Moore v. Commissioner, Dept., Soc. Serv., No. Cv 98 0492655s (Dec. 9, 1999)

1999 Conn. Super. Ct. 15840
CourtConnecticut Superior Court
DecidedDecember 9, 1999
DocketNo. CV 98 0492655S
StatusUnpublished

This text of 1999 Conn. Super. Ct. 15840 (Moore v. Commissioner, Dept., Soc. Serv., No. Cv 98 0492655s (Dec. 9, 1999)) is published on Counsel Stack Legal Research, covering Connecticut Superior Court primary law. Counsel Stack provides free access to over 12 million legal documents including statutes, case law, regulations, and constitutions.

Bluebook
Moore v. Commissioner, Dept., Soc. Serv., No. Cv 98 0492655s (Dec. 9, 1999), 1999 Conn. Super. Ct. 15840 (Colo. Ct. App. 1999).

Opinion

[EDITOR'S NOTE: This case is unpublished as indicated by the issuing court.]

MEMORANDUM OF DECISION
This is an administrative appeal from a decision of the defendant Commissioner of the Department of Social Services, State of Connecticut ("DSS"), brought pursuant to General Statutes § 4-183 et seq., under the Uniform Administrative Procedure Act ("UNPA"). DSS had denied the plaintiff's application for Title XIX Medicaid benefits because the applicant exceeded the eligibility asset limit. This appeal to the Superior Court followed.
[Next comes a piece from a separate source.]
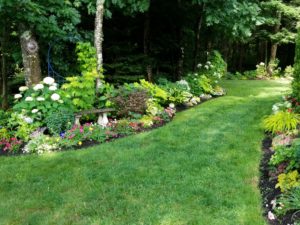 Side_Garden_Just_Before_Tear_out_July14_2016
The factual background in this matter is largely undisputed. On February 28, 1997, Helen C. Shea applied for Medicaid, Title XIX benefits. The application form did not list any life insurance policies, although it did list "Met Life" under health insurance. However, the DSS caseworker assigned found on the computer that Ms. Shea had applied for Medicaid in 1995 and disclosed on that application that she owned a Met Life life insurance policy. In March, 1997, the caseworker contacted the Metropolitan Life Insurance Company to determine the value of the life insurance policy. The caseworker also requested the insurance company to disclose any other policies owned by the applicant. In April, 1997, Met Life informed the DSS caseworker that Ms. Shea's policy had a death benefit of $2,197.03, face value of $750.00, and a cash value of $2,079.72. However, Met Life failed to disclose the existence of two other life insurance policies which Ms. Shea owned at the time.

On May 7, 1997, DSS denied the February 28, 1997 application for Medicaid on the ground that the applicant's assets exceeded program limits. In fact, the DSS caseworker incorrectly used the death benefit amount if $2,179.03 of the insurance policy, instead of the face value of $750.00, and Ms. Shea was determined to be over assets and ineligible for benefits. A fair hearing was held before a DSS hearing officer on October 28, 1997, regarding this initial denial of benefits. The hearing officer's decision dated December 9, 1997, found that the caseworker improperly used the cash surrender value of the policy instead of the face value of the policy to determine eligibility. Since the face value of the insurance policy was only $750.00, the cash surrender value of the policy should have been excluded. Based upon that CT Page 15842 decision, the application was reopened by DSS.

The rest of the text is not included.